Why it's post-training (not QAT)¶

The post describes post-training quantisation (PTQ) — no retraining of the model in FP8 is required. The layer-selection decisions are made on an already-trained model, making the technique cheap to deploy: calibrate on a held-out eval set, emit a per-layer precision map, ship.

Quantisation-aware training (QAT) is a more invasive alternative that would retrain the model with FP8 noise in the forward pass; Meta's choice of PTQ is deployment-friendly but constrained by what FP8 the model was not trained for can tolerate.
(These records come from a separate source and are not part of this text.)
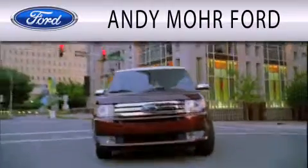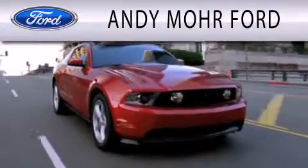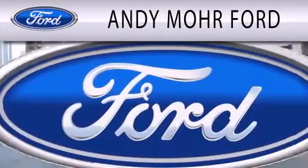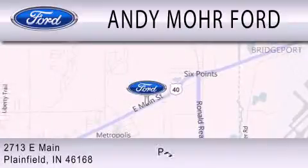Andy Moore Ford is dedicated to doing everything possible to ensure that the experience you have selecting your next vehicle is as pleasant as possible. We are located at 2713 East Main in Plainfield.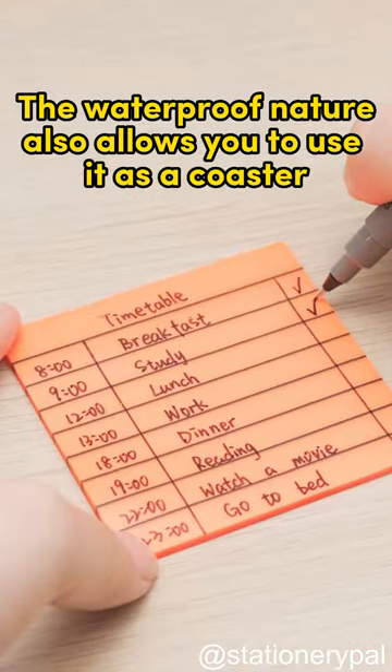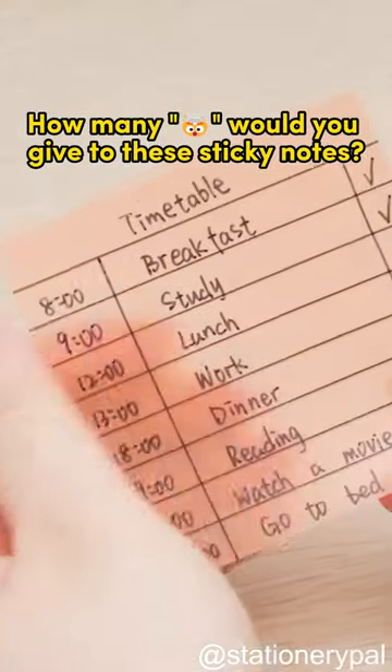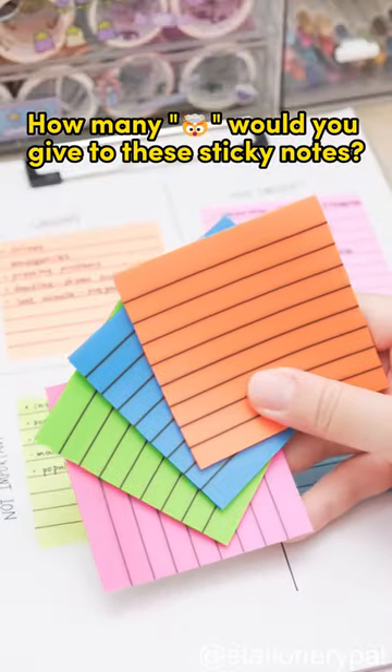The waterproof nature also allows you to use it as a coaster. Simply wipe it dry and you can carry on with it. How many exploding heads would you give to these sticky notes?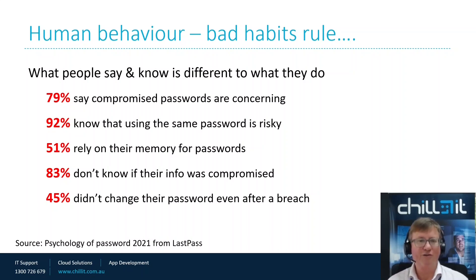79% of people say compromised passwords are concerning — they know they've got to be careful. 92% know that using the same password is risky. But still 51% rely on their memory for passwords, which is huge. And 83% don't know if their info was compromised. If they're using the same dodgy password across multiple systems, they're extending their risk profile. If employees use the same password they use for Netflix at home, for their LinkedIn, for their Coffee Club account, that could be the same password they're using to access your systems and all your data.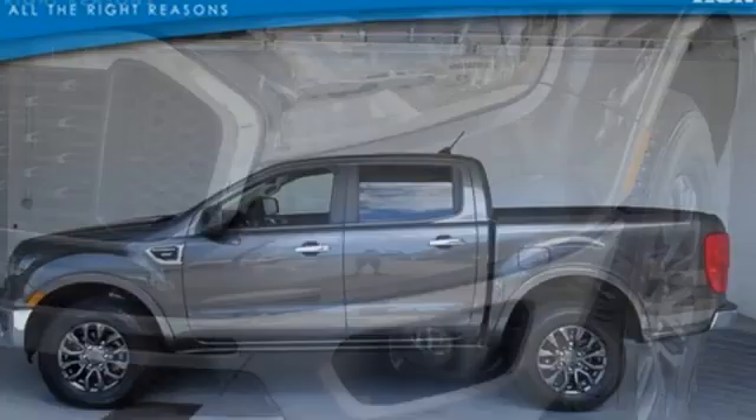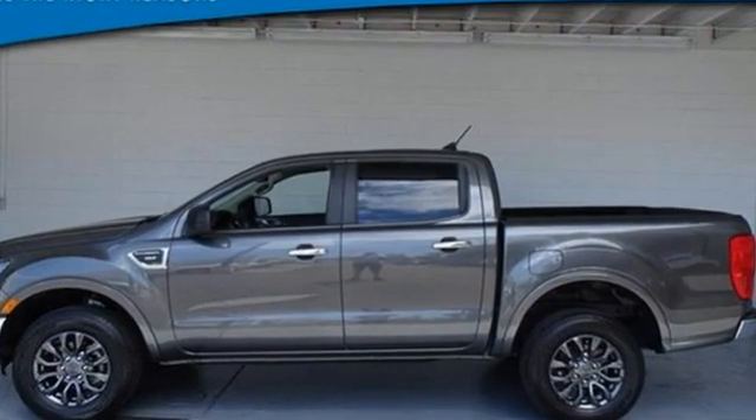Every generation has its Ford — this one's yours. See it for yourself when you take it for a test drive.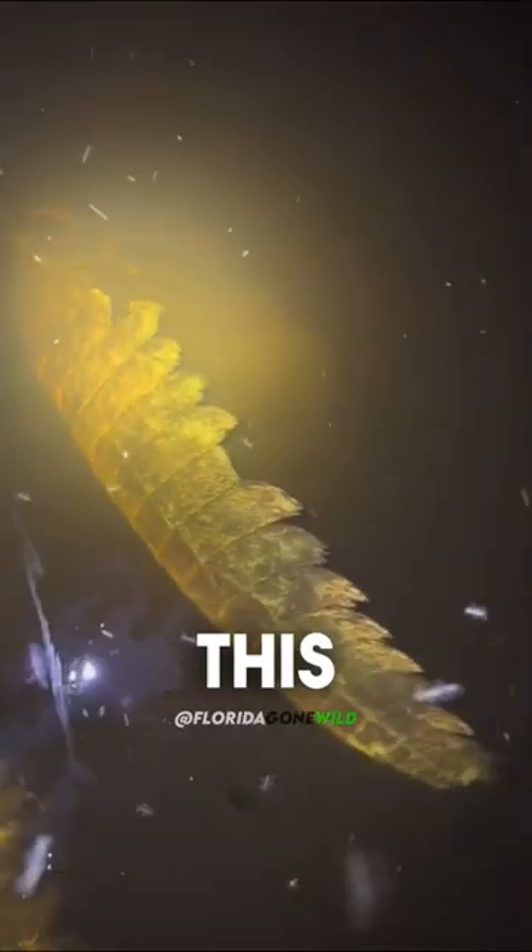I'm still looking for that 20-foot Burmese python — gotta be somewhere out here. Maybe I'll find the skunk ape first. But of course I found this giant crocodile tail. Don't do what I do.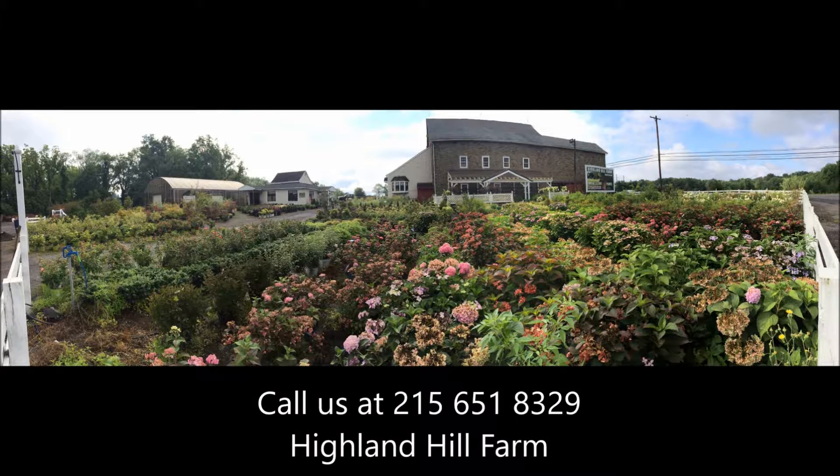If you need help with plant selections, call us at Highland Hill Farm. We'd be glad to offer assistance.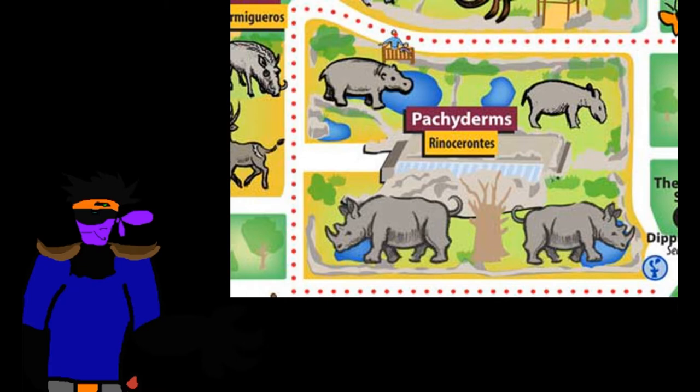The hippos are more related to whales, while the rhinos are more related to horses. The relatives of the elephants, however, are in fact even more strange.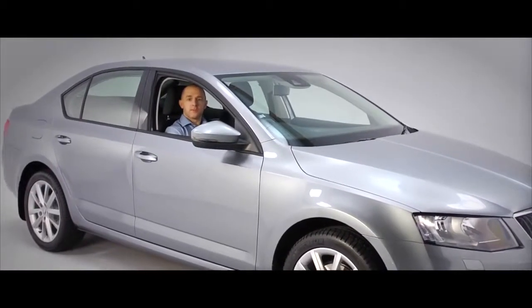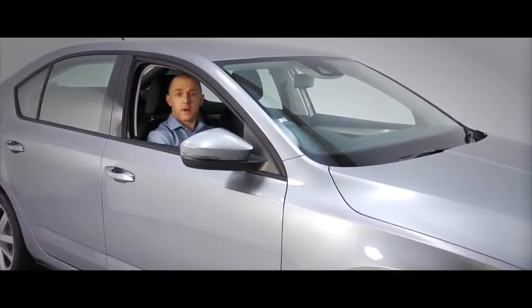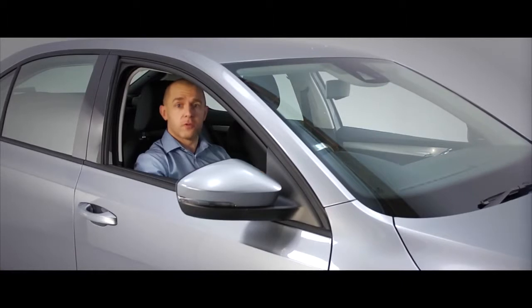The onboard trip computer gives you all the information you'll need to get the most out of driving your new Octavia. Not just current speed, but average speed, distance travelled, how long your trip's been, and really importantly, how far you can go before your fuel runs out.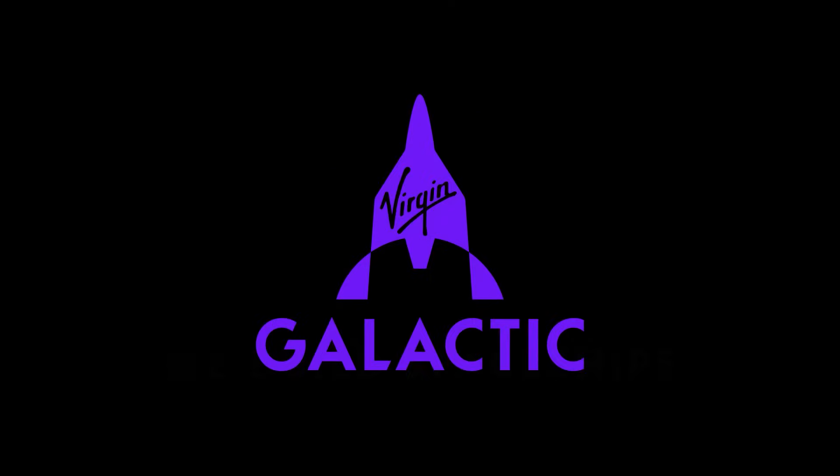We hope you'll join us on this incredible journey and follow our new series that shows how we build spaceships. To be continued...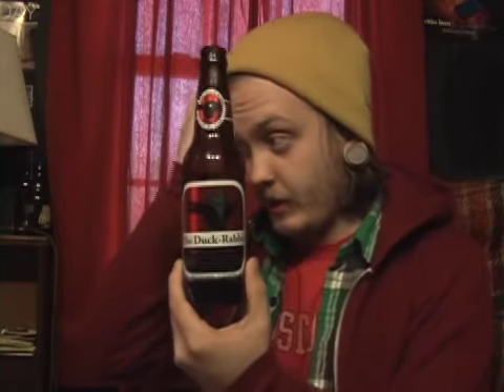So that's their Baltic Porter, which I guess is pretty much like an Imperial Porter — 9% alcohol. Anyway, thanks for coming back for another review. Come back for more. Duck Rabbit Baltic Porter — it's been a great beer.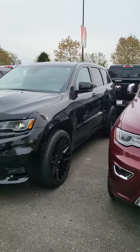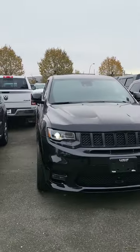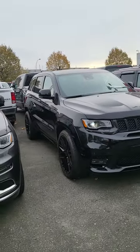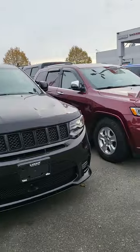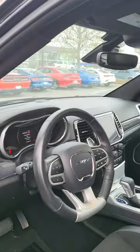And here she is. So you're familiar with the SRT lineup — you know about the power. Of course, what's nice about these is the all-wheel drive. Put this guy in snow mode, starts you off in second gear, you can go all year round, not a problem.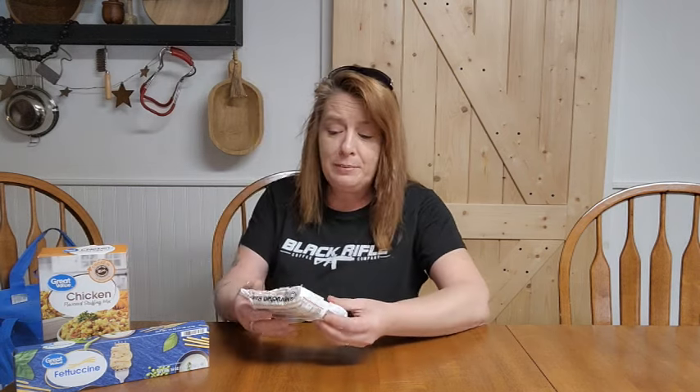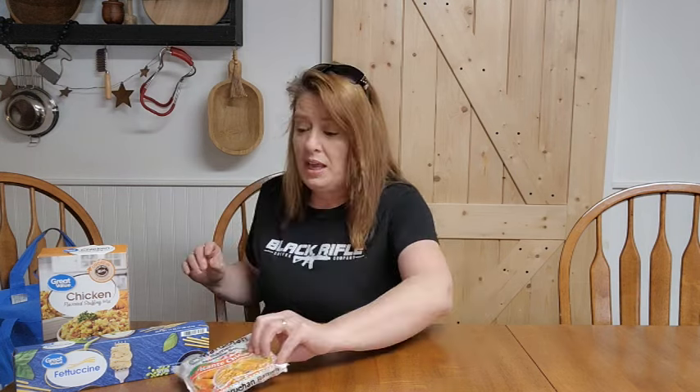The next thing I grabbed was this spicy ramen picante chicken noodles. My kids love this stuff — they're not the greatest for you, but you can use these in soups and all kinds of noodley dishes. You can make lo mein and all kinds of stuff with these noodles just by adding other ingredients. They're really cheap and last a long time in the pantry as well.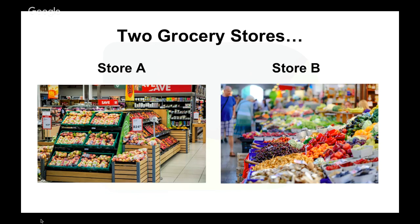I want to go with an example. I used to work many years back in a grocery store, and the owner would tell us a story about two different grocery stores — Store A and Store B.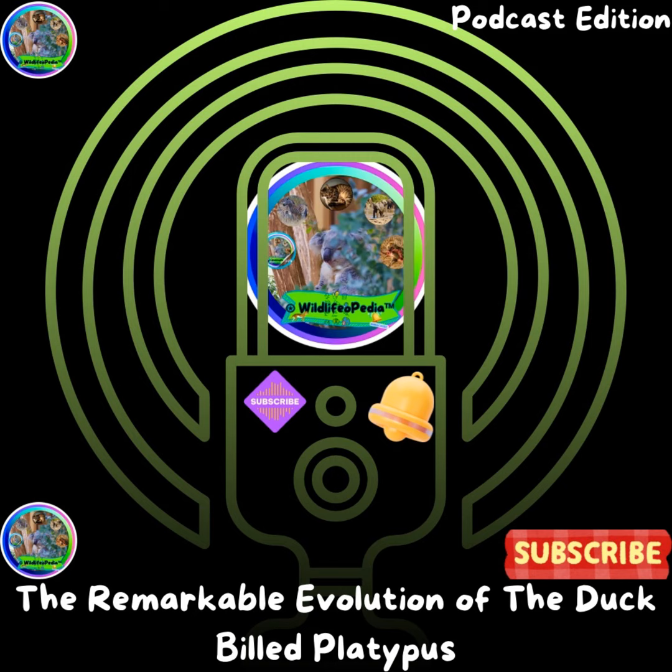The platypus is a master digger and one of nature's most unique mammals. As a monotreme, it represents an ancient lineage, bridging the gap between reptiles and modern mammals. Its ability to dig deep, complex burrows not only highlights its physical strength, but also showcases the adaptability and resourcefulness that have allowed the platypus to thrive in its environment for millions of years. Whether underwater or underground, the platypus continues to captivate us with its remarkable blend of ancient and modern traits.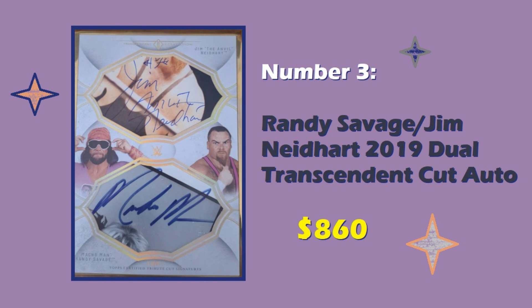$860 is probably right for a Macho Man autograph, particularly in a transcendent line — if not a little bit inexpensive. Two major stars like Jim Neidhart and Randy Savage both on the same card is really attractive. I'm not a huge fan of cut autos in general — I think if you buy the 8x10 glossy that is not cut, it's generally a lot less expensive than if you put it on a card. But cut autos are closer to a hard sign than a sticker auto, which is why people like them. This card has a gold frame, and it depicts Macho Man in the best stage of his career — the black shades, the orange bandana, and the purple classic Macho Man shirt. It's a really nice-looking card from a great series. For those reasons, this one sold for $860.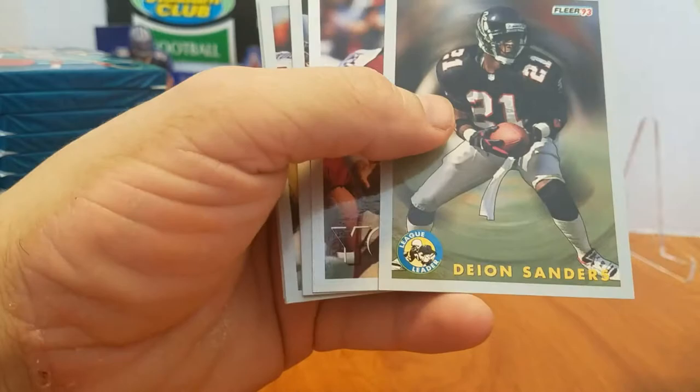LT. Deion Sanders' league leaders. Steve Young himself. Jeff George. Barry.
Relationship to hardware-aware model architecture¶

Selective FP8 is a hardware-aware choice: it exists because modern GPUs ship Tensor Cores with dedicated FP8 paths that are faster than BF16 — the hardware exposes a tier the software can opportunistic- ally hit. On hardware without fast FP8 (older generations), the technique isn't worth the engineering.

Seen in¶

2026-03-31 Meta — Meta Adaptive Ranking Model — canonical wiki source; describes selective FP8 as one of two model-system co-design levers (the other being graph + kernel specialisation) that together drive MFU to 35% across heterogeneous hardware (sources/2026-03-31-meta-adaptive-ranking-model-bending-the-inference-scaling-curve).
2026-05-08 Databricks × Superhuman — selective FP8 at 200K-QPS LLM serving with KV-cache explicitly off. Joint Databricks Model Serving / Superhuman post applies the selective-FP8 discipline to a production LLM serving workload at 200,000+ QPS on H100. Final config: attention projections (Q, K, V, output) and MLP projections all run through the FP8 path; KV-cache quantisation explicitly disabled. Quote: "weight quantization was where the throughput wins came from and KV-cache quantization introduced its own quality tradeoffs that weren't worth pursuing for this workload." This is the wiki's first canonical KV-cache-quantisation-explicitly-off datum — confirming that the selective-FP8 discipline named by the Meta ranking-model post generalises to the LLM-serving regime, with KV-cache as the canonical layer-class to leave at higher precision. Workload-specific framing: "weight quantization was where the throughput wins came from" — meaning the FP8 throughput win is concentrated in the linear-layer paths, not the KV-cache. Different workloads (longer context, decoder-heavy generation) may reach a different conclusion. The FP8 layer-set was tuned jointly: MLP projections were quantised from the start; the open question was attention. The Databricks runtime ships a hybrid- precision toggle flag so attention quantisation can be turned on/off per layer group without architectural change, letting both teams measure quality directly — and the experiment landed with "no measurable quality degradation" on Superhuman's internal eval harness. Quantisation granularity was also load-bearing: Databricks' kernels use per-channel scaling rather than the off-the-shelf per-tensor scaling, which "matched or exceeded other open source baselines at the same throughput." Net throughput contribution: up to +30% per-pod QPS, the single largest win of the migration. (Source: sources/2026-05-08-databricks-how-superhuman-and-databricks-built-a-200k-qps-inference-platform-together)

Caveats¶

Meta does not disclose the micro-benchmark metric (loss delta? downstream recommendation quality? task-specific KPI?) or the cutoff threshold.
Number / percentage of layers that land on FP8 is not disclosed.
Hardware mix — which accelerators are running the FP8 path — is not named (H100 / B200 / MI300X all have FP8 support).
The alternative of QAT is not evaluated in the post.